The other big reason is that that New Law businesses often employ—and, indeed, are frequently founded by—former Big Law attorneys. These attorneys have the pedigree and the rigorous training under their belt to deliver quality services. Up until a decade ago, lawyers working in Big Law firms traditionally faced one of two options to advance their careers—either make partner, or go in-house. With New Law, these lawyers have a multitude of attractive options to practice law at a high-level and are spared some of the darker aspects of Big Law, including, for example, lack of work-life balance, pressure for lawyers to be rainmakers in addition to fee-earning, as well as the economic uncertainties in law firms as competition increases and the share of legal work decreases as much work is done in-house.
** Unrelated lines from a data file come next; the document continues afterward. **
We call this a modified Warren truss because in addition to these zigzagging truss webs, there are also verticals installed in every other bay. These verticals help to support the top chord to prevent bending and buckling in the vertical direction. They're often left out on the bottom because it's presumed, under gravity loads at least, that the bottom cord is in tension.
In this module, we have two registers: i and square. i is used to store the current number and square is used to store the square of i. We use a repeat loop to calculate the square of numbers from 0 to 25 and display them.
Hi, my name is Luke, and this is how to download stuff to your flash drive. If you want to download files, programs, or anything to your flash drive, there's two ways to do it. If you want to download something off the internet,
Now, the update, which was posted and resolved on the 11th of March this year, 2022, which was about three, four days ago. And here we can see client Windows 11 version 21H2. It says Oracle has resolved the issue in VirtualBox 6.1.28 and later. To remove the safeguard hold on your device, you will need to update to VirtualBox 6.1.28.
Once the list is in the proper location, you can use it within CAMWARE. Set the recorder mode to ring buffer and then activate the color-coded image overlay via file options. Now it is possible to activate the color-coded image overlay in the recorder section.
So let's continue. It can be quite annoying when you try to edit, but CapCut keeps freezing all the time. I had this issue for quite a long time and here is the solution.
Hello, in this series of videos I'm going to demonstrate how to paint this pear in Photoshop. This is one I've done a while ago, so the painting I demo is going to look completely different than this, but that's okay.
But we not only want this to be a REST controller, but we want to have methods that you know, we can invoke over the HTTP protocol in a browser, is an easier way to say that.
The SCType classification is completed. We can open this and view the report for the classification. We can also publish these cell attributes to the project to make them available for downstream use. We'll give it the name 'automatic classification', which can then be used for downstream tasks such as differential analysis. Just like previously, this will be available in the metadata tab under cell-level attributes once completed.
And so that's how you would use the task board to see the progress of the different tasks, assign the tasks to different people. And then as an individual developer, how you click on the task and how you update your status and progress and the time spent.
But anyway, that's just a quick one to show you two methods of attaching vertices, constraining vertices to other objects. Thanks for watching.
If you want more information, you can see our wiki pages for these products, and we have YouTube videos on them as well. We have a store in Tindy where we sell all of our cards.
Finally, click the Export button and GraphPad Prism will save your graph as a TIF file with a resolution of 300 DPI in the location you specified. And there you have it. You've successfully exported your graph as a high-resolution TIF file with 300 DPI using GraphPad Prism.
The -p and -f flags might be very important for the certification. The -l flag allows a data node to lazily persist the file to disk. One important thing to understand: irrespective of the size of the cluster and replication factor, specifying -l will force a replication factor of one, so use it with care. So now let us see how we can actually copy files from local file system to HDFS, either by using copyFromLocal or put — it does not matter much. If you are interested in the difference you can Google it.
New Law eliminates these frustrations by implementing novel models and working arrangements for lawyers who wish to stay in private practice but not necessarily with the "baggage" that comes with it!
New Law is also seen as disruptive because they provide legal services to those who have been priced out of Big Law but who need the sophistication and experience of Big Law-experienced lawyers. A frequently overlooked but critical segment of the legal services market are startups and early-stage companies. These businesses, which can be as nascent as “two guys in a garage with an idea” to companies that are a little further along the development pipeline, will, at some point (and preferably early the process) need advice from a seasoned attorney. At the outset and at the very least, every founder will want to have robust corporate legal documentation, whether for their business operations and relationships with customers and suppliers, or inter-se between founders and investors, in terms of management and administration of the company and inter-se rights and obligations. Last but not the least, founders will need cogent advice on creation or, protection for and leveraging of intangible assets such as intellectual property, often the most valuable asset for a technology-related startup.
In our experience, most Asian founders are less than comfortable with using lawyers as key advisers very early in their evolution. Since these businesses are usually cash-strapped, most, if not all, funds go directly to operational aspects or investing in the technology for the business. Very few startups can afford a Big Law attorney’s billing rate, which can be in the hundreds of dollars per hour. And few have the funds (or enough work) to justify hiring a full-time in-house general counsel.
Is there a market for high-quality, affordable legal services accessible to startups and early-stage companies? We at Collyer Law LLC certainly think so! Part 2 of this article will discuss in more details how we plan to strategize and implement our vision and mission as a New Law player, particularly through our twin-engineered (no pun intended) legal solutions, FirstContract and FirstCounsel.
Only time will tell whether New Law businesses will completely disrupt the incumbents in the business of law. Clearly, disruptive innovation is a process – not an overnight phenomenon. In any event, it’s an exciting time to be a New Law practitioner!